Continuing Education Information
Several states require laboratory workers to be registered and licensed, but the requirements vary from state to state. Although it is voluntary, many employers prefer that their clinical laboratory technicians have certification from a professional organization. Certifying organizations include the American Society for Clinical Pathology, American Medical Technologists and the American Association of Bioanalysts. Eligibility requirements vary, but typically involve finishing a degree or training program, having a certain amount of work experience and passing an exam. The National Credentialing Agency for Laboratory Personnel recently joined with the American Society for Clinical Pathology to form a unified credentialing agency.
Some schools offer advanced certificates for individuals who already have an associate's degree and are looking to sharpen their skills. The National Accrediting Agency for Clinical Laboratory Sciences is the usual accrediting agency for these types of programs, which may also be available through hospitals.

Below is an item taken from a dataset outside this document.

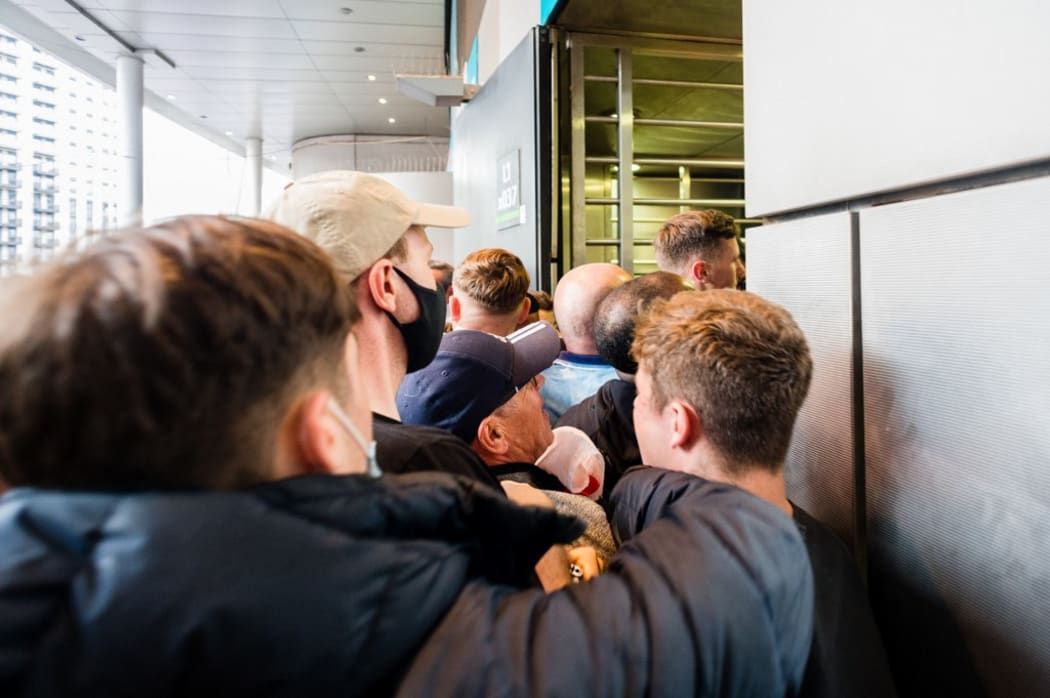 Football fans without the tickets managed to get through security checks at Wembley Stadium ahead of the UEFA Euro 2020 Final in London, Britain, 11 July 2021.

Many related bachelor's degree programs are available for those who aspire to advance in the field to become medical or clinical technologists. In many cases, associate's degree coursework can be transferred into a bachelor's degree program. Advancing to laboratory director or manager typically requires at least a master's degree.
Clinical laboratory technician associate's and certificate programs prepare students for the field, as they take courses covering necessary topics, such as the analysis of urine and blood. They also learn how to use laboratory computers, equipment and technology.